Speaking at a panel discussion on the migration at the U.K. Embassy in Ankara, Chilcott stated that as the international community, they take lessons from Turkey in terms of how to deal with a refugee crisis, referring to Turkey's success in integrating refugees into health, education and other sectors.
"Almost 3 percent of the world population, 258 million people is having the status of international migrant," said the ambassador while adding that it is a matter of high importance for both Turkey and the U.K.
"65 million people in the world have migrated under coercion," Chilcott added.
Highlighting that Turkey's experiences on migration have changed over the years, he said that it was an emigrant country until 2010, and now, it is an immigrant-receiving country, due to, especially, being a transition country between Syria and other countries.
He further reminded that Turkey hosts the biggest refugee population in the world today with the total of 4 million people.

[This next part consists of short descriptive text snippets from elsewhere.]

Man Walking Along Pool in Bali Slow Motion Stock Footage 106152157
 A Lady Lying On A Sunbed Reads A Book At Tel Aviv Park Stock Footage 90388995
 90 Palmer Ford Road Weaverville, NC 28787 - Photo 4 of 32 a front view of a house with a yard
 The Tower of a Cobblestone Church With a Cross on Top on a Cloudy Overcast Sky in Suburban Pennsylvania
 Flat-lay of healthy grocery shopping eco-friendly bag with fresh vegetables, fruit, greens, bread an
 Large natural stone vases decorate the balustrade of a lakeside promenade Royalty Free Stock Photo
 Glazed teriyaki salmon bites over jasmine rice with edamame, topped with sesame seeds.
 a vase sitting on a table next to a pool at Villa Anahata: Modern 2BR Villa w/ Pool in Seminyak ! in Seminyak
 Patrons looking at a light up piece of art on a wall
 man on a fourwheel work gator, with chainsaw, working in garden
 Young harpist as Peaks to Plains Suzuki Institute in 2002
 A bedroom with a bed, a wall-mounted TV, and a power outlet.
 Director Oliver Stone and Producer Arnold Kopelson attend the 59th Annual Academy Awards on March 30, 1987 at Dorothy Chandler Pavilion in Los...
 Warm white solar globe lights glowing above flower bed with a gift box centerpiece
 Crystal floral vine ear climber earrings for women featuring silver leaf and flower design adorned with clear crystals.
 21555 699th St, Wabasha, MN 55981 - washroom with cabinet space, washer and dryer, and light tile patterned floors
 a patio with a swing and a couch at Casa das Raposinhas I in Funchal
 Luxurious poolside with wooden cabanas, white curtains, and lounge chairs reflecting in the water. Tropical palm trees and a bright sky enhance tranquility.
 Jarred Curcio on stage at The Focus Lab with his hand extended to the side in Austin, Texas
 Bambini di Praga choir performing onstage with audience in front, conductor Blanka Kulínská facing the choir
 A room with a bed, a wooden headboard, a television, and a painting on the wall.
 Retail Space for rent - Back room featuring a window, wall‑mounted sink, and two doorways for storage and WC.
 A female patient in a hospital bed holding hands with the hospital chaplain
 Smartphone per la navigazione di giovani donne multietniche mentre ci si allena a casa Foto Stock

According to the state-run Anadolu Agency (AA), the number of Syrian refugees, who Turkish officials refer as "guests," has reached 3,506,532. Turkey has so far spent more than $30.2 billion on the well-being of this displaced population.
The conflict in Syria has killed more than 500,000 people and forced more than 5 million people to flee, while some 7 million remain internally displaced.
Refugees mainly took shelter in Turkey, Jordan and Lebanon with Turkey hosting the largest number of Syrian refugees. Some of them have sought to reach Europe via the Aegean and Mediterranean seas, but hundreds died en route to Greece and other littoral countries.
Education is the main concern for refugees as youth and children make up the majority of Syrians taking shelter in Turkey.
Turkey has so far reached out to 612,603 Syrian children in its bid to provide them with education. They attend public schools, schools run by charities and schools set up at some refugee camps. Turkey has invested $15.4 billion on the refugees' education while investing $16.3 billion for the health services.
Ankara has often criticized the international community for not funneling sufficient humanitarian aid for the refugees in Turkey and not taking in more refugees.